Als wichtige Argumente für das Tarifeinheitsgesetz und damit der Einschränkung der Koalitionsfreiheit würden, so Wiegelmann, u.a. „gesamtwirtschaftliche Belange“, die „Ordnung und Befriedung des Arbeitslebens“, das „öffentliche Interesse“ und „Beschäftigungssicherung“ angeführt. Dieser Ansatz widerspräche völlig den Grundsätzen der SPD und ihren historischen Wurzeln.
In erster Linie dienen Arbeitskämpfe der Verbesserung der Arbeitsbedingungen der Arbeitnehmer!
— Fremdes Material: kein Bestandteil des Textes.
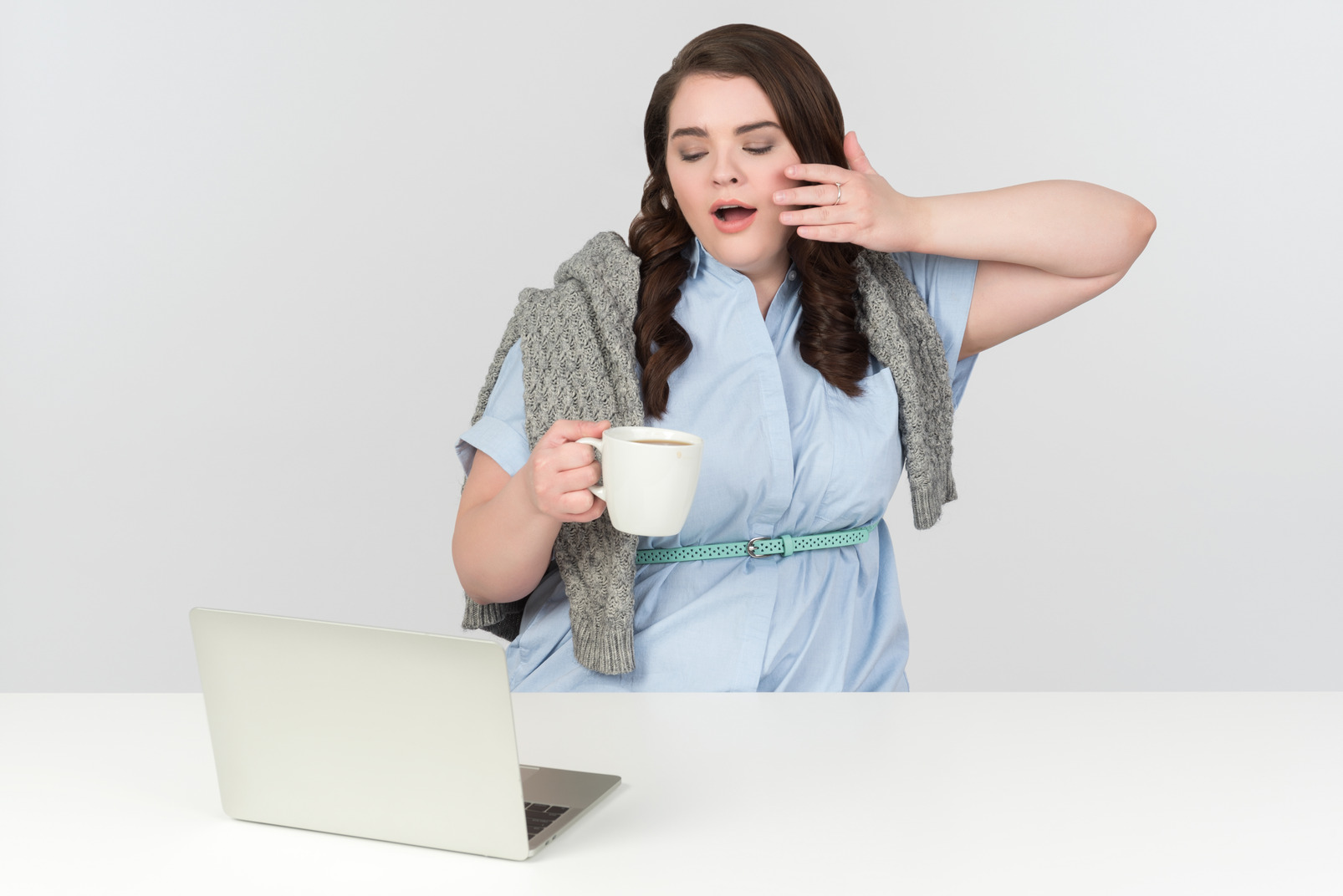 Young plus-size model yawning, drinking tea and looking at laptop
Dieser Ansatz und diese Bedeutung muss von der SPD gegen Widerstände verteidigt werden!
Darüber hinaus berge das Tarifeinheitsgesetz eine weitere Schwächung der Belegschaft, da nun mittels Betriebstarifverträgen der Flächentarifvertrag und sogar der Haustarifvertrag weiter geschwächt würden.
Eine Stärkung der Gewerkschaften könne nicht durch die Einschränkung der Koalitionsfreiheit erreicht werden, sondern nur mittels Stärkung der Flächentarifverträge und einer Erschwerung von Tarifflucht durch Ausgründungen.
Ralf Wiegelmann, Mitglied im AfA-Bundesausschuss schließt sich ausdrücklich der Position der Gewerkschaften GEW, NGG, ver.di und dem Deutschen Beamtenbund an, dass eine Tarifeinheit nicht durch Gesetz aufgezwungen werden dürfe, vor allem nicht durch eine Einschränkung der Koalitionsfreiheit, sondern eine interne Aufgabe der Gewerkschaften sind.
Stattdessen könne und sollte die Politik Rahmenbedingungen schaffen, um Flächentarifverträge zu stärken und Tarifflucht durch Ausgründungen zu erschweren.